In the entries below, repeat only the lines between those holding "Nauert: Ateşkes tüm" and "Sergal | Red Version Kids Mask", inclusive. Leave pictures out.

→ SUPPLIED DATA:
**********
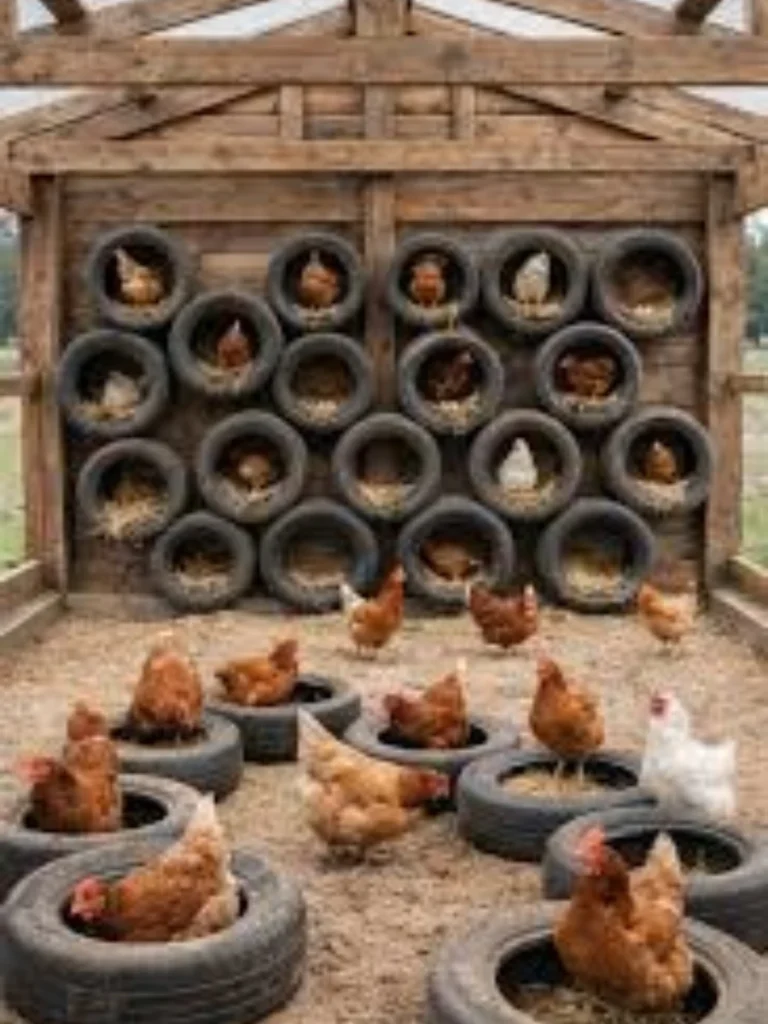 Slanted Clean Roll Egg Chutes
**********
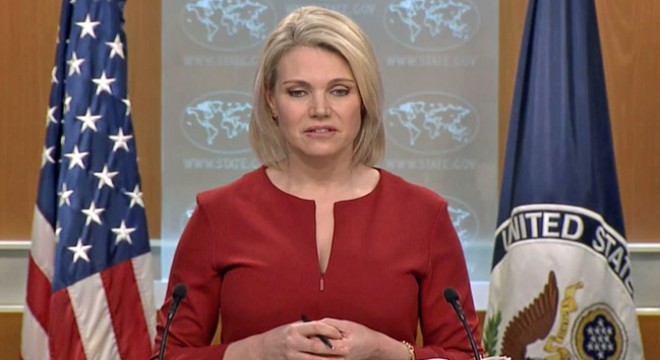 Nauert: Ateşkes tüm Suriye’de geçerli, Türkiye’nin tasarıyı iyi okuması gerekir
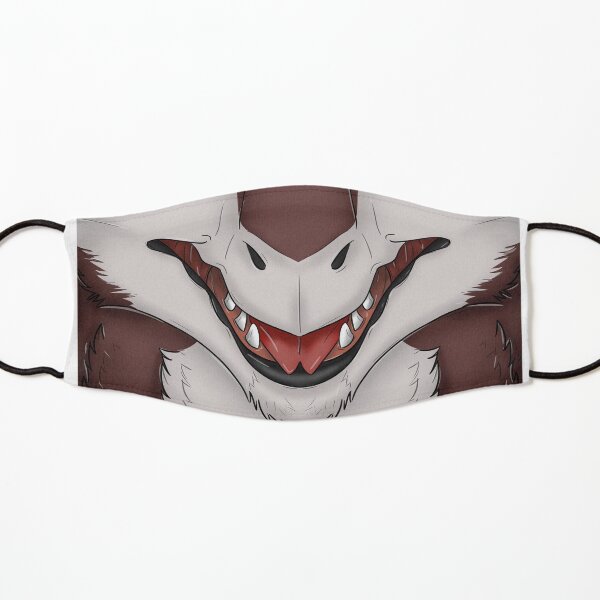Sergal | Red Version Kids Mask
**********
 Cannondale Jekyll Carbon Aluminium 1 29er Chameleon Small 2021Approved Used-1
**********
→ YOUR RESPONSE:
 Nauert: Ateşkes tüm Suriye’de geçerli, Türkiye’nin tasarıyı iyi okuması gerekir
Sergal | Red Version Kids Mask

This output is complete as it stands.